Task details:
Your output should repeat the entries below exactly. It should contain no images.

Data for analysis: Begin

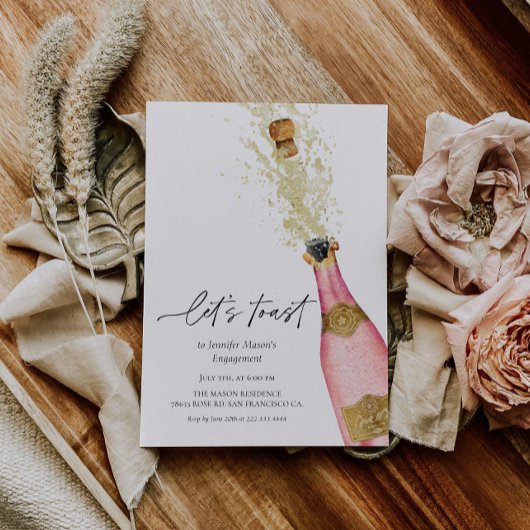 Invitation Toast Champagne Fête des mariées bouteille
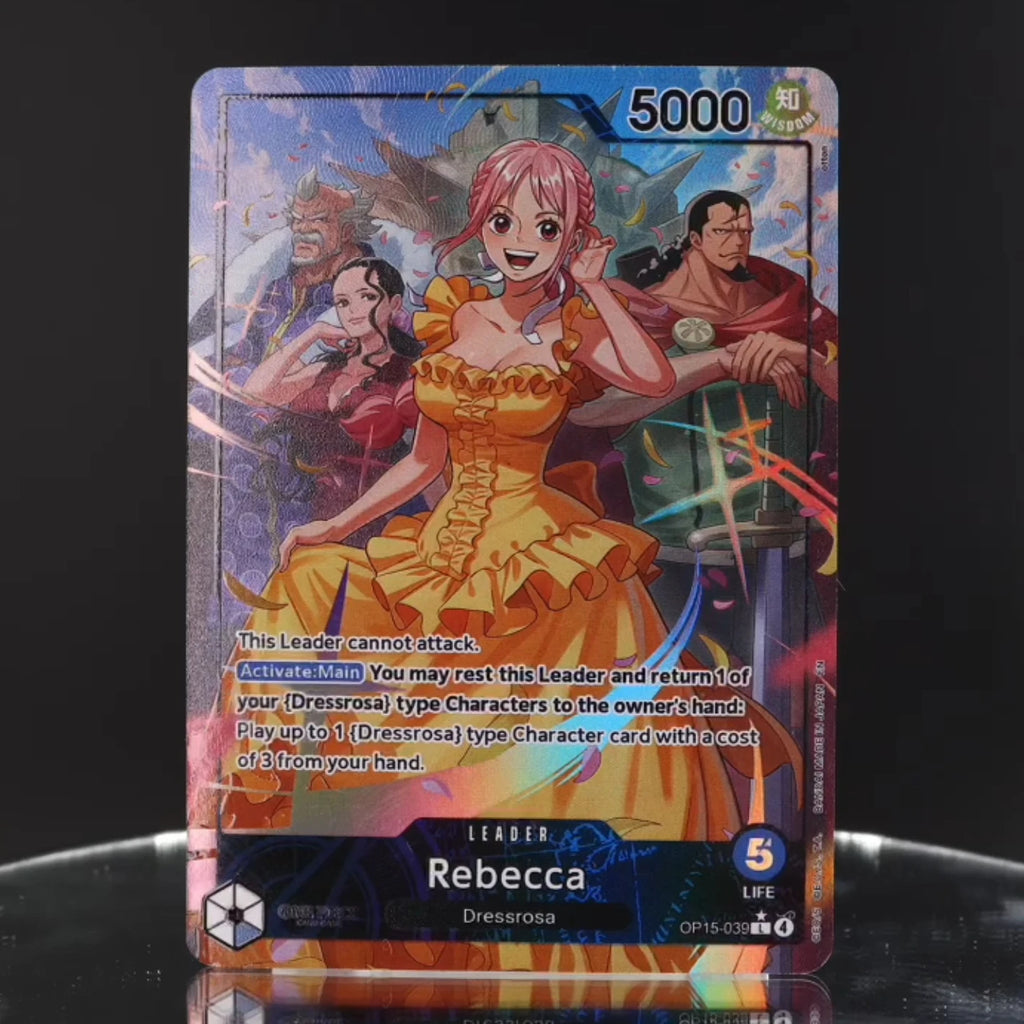 One Piece TCG OPCG English Leader card OP15 Leader Card Set Luffy  Lucy Enel Krieg Rebeca Brook KAMI's Island Textured Foil Card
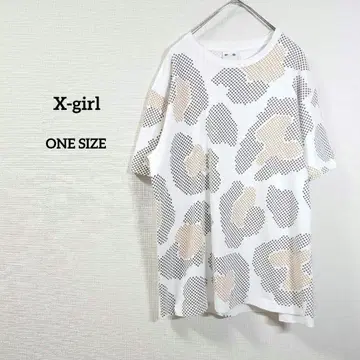 엑스걸 티셔츠 반팔 도트 브라운 베이지 화이트 여성용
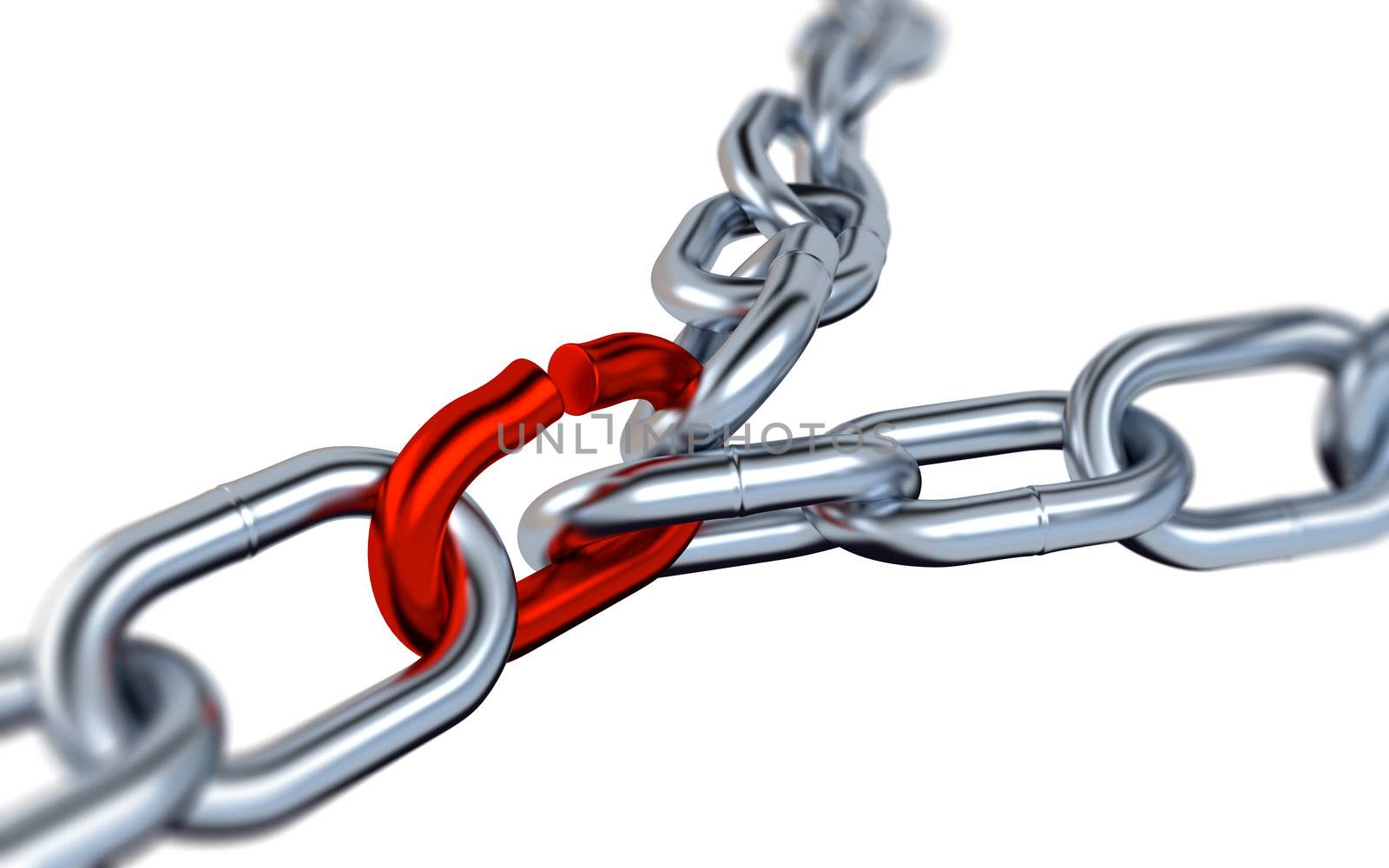 Two Blurred Metallic Chains with One Red Link on a White Background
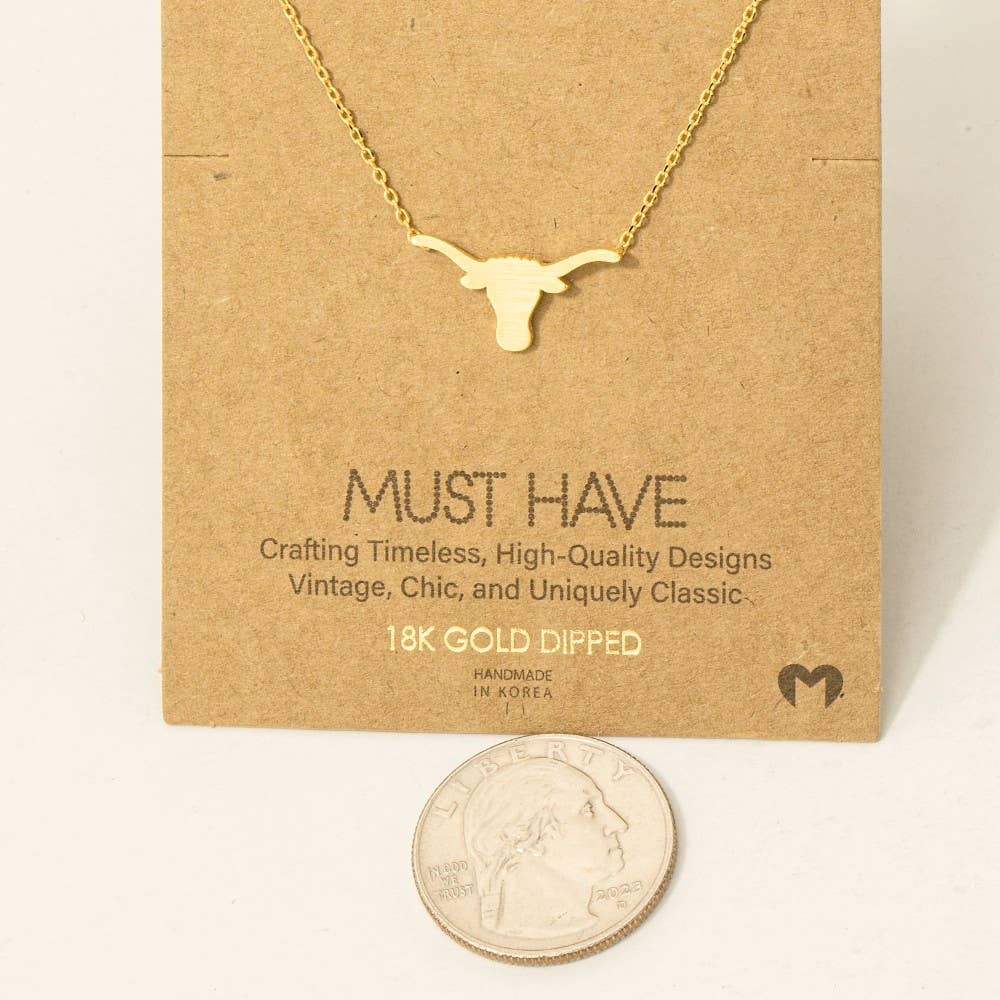 Dainty Bull Head Pendant Necklace: G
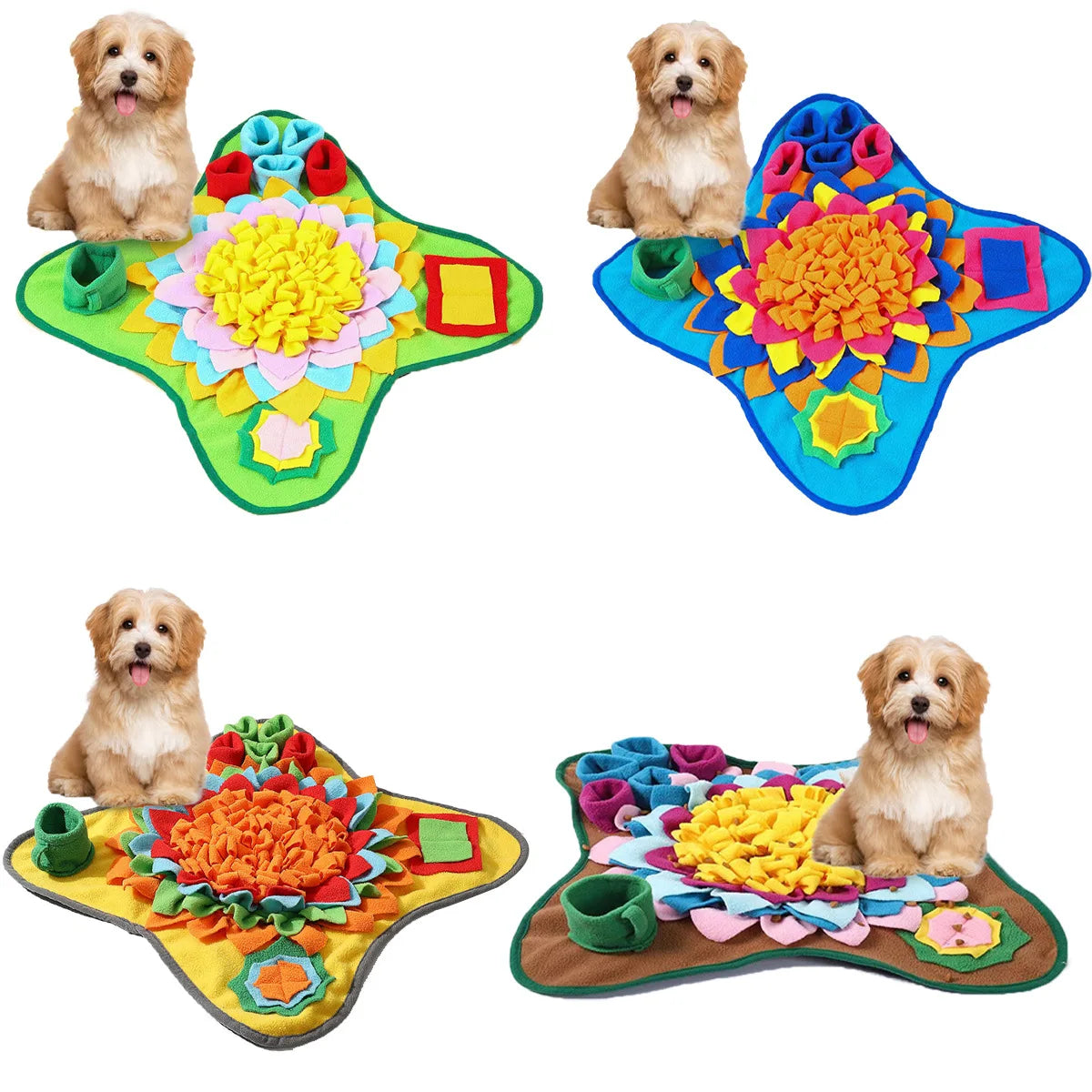 Tapete interativo para cães com função de farejar e alimentar.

Data for analysis: End

Result of this exercise:
 Invitation Toast Champagne Fête des mariées bouteille
 One Piece TCG OPCG English Leader card OP15 Leader Card Set Luffy  Lucy Enel Krieg Rebeca Brook KAMI's Island Textured Foil Card
 엑스걸 티셔츠 반팔 도트 브라운 베이지 화이트 여성용
 Two Blurred Metallic Chains with One Red Link on a White Background
 Dainty Bull Head Pendant Necklace: G
 Tapete interativo para cães com função de farejar e alimentar.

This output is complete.